[BUG] Multiple instances on linux

Netzapper · July 14, 2011, 8:39pm

We’re writing a networked multiplayer game, so I’m trying to launch two instances of my application in separate JVMs in order to test stuff.

And every time I launch the second instance, the first instance crashes. This happens immediately after the second instance’s window is put on the screen.

I’ve tracked this down, and it’s blowing up deep inside LWJGL in org.lwjgl.opengl.LinuxDisplay.nLockAWT. When it does JAWT_GetAWT, the program segfaults. I had thought that it was related to keyboard input, as the initial instance of this bug showed a stack trace that left Java and entered native code while it was polling the keyboard. But, I’ve subsequently removed all input, and now it blows up in glEnable–and core dumps gdb, no less, so I can’t even be sure exactly what’s going on for this crash.

Also, to be clear, the second instance continues running just fine (no exceptions, no glitches, nothing). And, launching a third instance will kill the second instance. So, basically, launch n copies, and only the n’th one with continue running. Launch two of them simultaneously, and you get a race, with whoever comes in first losing.

I’ve tried multiple instances of every LWJGL demo that I can find. They all work.

However, any two jme3 applications act the same way as mine, with the second instance crashing the first. I’ve tested this with about half a dozen of the jme demos available in the DemoChooser. (They blow up in different code paths with different combinations of apps, but nearly always the top of the Java stack will be nLockAWT.) No combination of a single jme3 app and another opengl app (lwjgl or native) will crash either of them.

I’ve tested this on three different versions of Ubuntu: 9.10, 10.04, and 11.04. I’ve tried it with every version of the nVidia drivers easily available to me (so far, 3 versions). I’ve tried it with desktop effects on, with them off. I’ve tried it with single monitors, multiple monitors. I’ve tried every resolution and color depth available. I’ve turned AA on and off. I’ve tried three different machines, one of them freshly installed for these purposes, with three different video card models.

I’ve tried both the most recent stable engine-only release of jme3 and as a SVN checkout from today.

Please, help me.

Netzapper · July 14, 2011, 8:46pm

Oh, I’ve also tried the version of lwjgl that ships with jme, the latest stable binaries from their site, and building from source (with and without debug) from svn.

Momoko_Fan · July 15, 2011, 12:41am

It seems like a bug on their side then … Perhaps you can raise this issue on their forum?

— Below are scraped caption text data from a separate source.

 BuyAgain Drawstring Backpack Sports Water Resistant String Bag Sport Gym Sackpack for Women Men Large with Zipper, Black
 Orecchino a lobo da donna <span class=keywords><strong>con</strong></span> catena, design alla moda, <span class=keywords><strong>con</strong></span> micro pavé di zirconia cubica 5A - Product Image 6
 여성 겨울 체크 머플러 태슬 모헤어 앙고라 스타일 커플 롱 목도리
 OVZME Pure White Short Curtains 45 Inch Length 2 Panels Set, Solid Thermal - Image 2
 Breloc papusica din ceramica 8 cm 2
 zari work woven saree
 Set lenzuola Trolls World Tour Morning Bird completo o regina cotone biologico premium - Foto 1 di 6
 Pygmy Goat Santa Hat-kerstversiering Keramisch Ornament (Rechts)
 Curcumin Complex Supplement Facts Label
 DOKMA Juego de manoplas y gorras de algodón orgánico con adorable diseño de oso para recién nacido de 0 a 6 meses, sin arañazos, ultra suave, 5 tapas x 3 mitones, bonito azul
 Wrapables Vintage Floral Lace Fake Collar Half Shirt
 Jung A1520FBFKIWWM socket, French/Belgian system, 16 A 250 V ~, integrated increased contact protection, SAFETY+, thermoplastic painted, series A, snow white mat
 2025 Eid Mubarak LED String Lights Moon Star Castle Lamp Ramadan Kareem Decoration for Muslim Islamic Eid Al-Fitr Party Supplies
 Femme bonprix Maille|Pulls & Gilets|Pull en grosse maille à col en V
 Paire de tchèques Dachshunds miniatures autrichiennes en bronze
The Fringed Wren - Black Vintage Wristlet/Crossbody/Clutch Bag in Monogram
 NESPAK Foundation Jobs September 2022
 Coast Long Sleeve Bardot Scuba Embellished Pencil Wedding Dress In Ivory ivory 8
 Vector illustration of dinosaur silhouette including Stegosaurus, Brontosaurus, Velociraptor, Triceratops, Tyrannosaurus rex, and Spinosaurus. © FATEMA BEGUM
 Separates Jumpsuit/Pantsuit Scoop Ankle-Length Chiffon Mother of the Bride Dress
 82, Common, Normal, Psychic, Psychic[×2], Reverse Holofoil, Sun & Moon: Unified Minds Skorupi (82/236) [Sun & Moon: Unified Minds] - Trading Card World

Possibly with a full stack trace

Netzapper · July 15, 2011, 12:57am

How does that make any sense, Momoko_Fan?

Every scenario that I’ve tested with just LWJGL has worked flawlessly. Every combination of two jme3 apps fails. That points toward jme3 having a defect, not LWJGL.

I assume you attempted to reproduce the issue and found no defect, and that’s why you’re punting it off to the other project (whose software appears to work just fine in this situation).

Momoko_Fan · July 15, 2011, 1:23am

Did you try LWJGL running in canvas?

Netzapper · July 15, 2011, 2:05am

No, I didn’t. I’ll see if there’s a demo available tomorrow at work.

But, I traced the initialization of jme while I was trying to find the fix for this, and there’s a switch I remember seeing that had Canvas as an option and Display as another option. If I recall correctly, the execution path skipped Canvas and went through to Display. Which makes sense, since I’m asking for a context with “context = JmeSystem.newContext(videoSettings, JmeContext.Type.Display);”.

I want to be perfectly clear here: I am not trying to open two windows from one JVM. I am launching two totally separate JVMs. In one of my tests, I even went so far as to make sure that their most recent common ancestor process was init.

So what I’m looking for is pollution between the two instances of jme3. Like, a statically named temp file, or some hashed value that always comes out the same, or perhaps the system looks up windows by name? An environment variable? A shared library loaded with some sort of shared memory turned on? Is it maybe that thing where jme3 blindly copies native libs into the working directory? (It took me a long time to figure out that it does that every time, even if the file exists already. I kept recompiling lwjgl with debug enabled, and I kept getting “no symbol table”.)

Even if you don’t have the time to debug it for me, some pointer toward where I might find structures like that would be nice. And, perhaps, somebody running a different distro, or with an ATI card, could give it a shot for me and let me rule out system stuff.

Any way it works out, I need to build a fix or a workaround for this, because I only have one workstation at work, and trying to coordinate with the the other guy “No, stash your code and pull my one-line debug println patch so I can test this” is getting real old. Also, it’s totally spamming up my commit log.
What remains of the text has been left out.